Tag Archives: bazelcon

A look back at BazelCon ’23 and the launch of Bazel 7

In October ‘23, the Google Bazel team hosted the 7th annual BazelCon, a gathering for the Bazel community and broader Build ecosystem. We welcomed enterprise users and program partners, companies building businesses on top of Bazel, as well as enthusiasts curious to learn more about this space. This year, BazelCon made its debut outside North America and was hosted in the Google Munich office.

BazelCon recap

The Bazel ecosystem is growing. This year, we had over 200 in-person external attendees, over 3K livestream views, and a record number of 120 proposals submitted by the community.

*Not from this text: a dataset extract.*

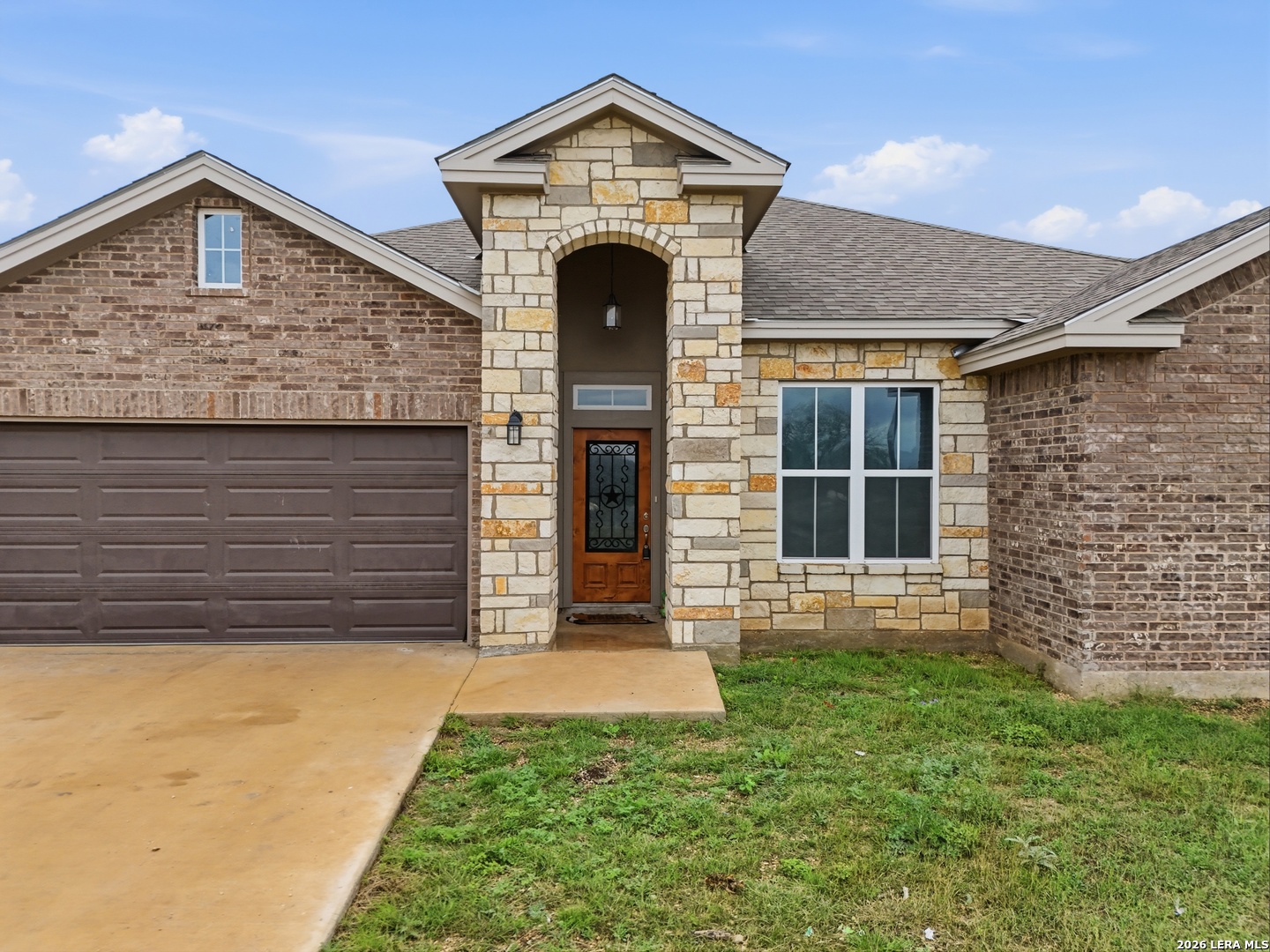281 Legend Hills Uvalde, TX 78801 - Photo 7 of 24 a front view of a house with garden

We started the conference with a keynote address by Mícheál Ó Foghlú (Engineering Director at Google), followed by a state-of-the-union address by John Field and Tobias Werth (Engineering Managers at Google).

The Bazel community showcased a series of technical and lightning main-stage talks. To highlight a few:

    • BMW shared insights into how they released several “Bazel cars”
    • JetBrains* announced the preview release of their new Bazel plugin for their IDEs
    • Booking.com walked through their journey of adopting Bazel, thereby reducing CI time from 22 minutes to under 2 minutes and container image size by 80%

Take a look at published recordings of all of these talks at your own leisure.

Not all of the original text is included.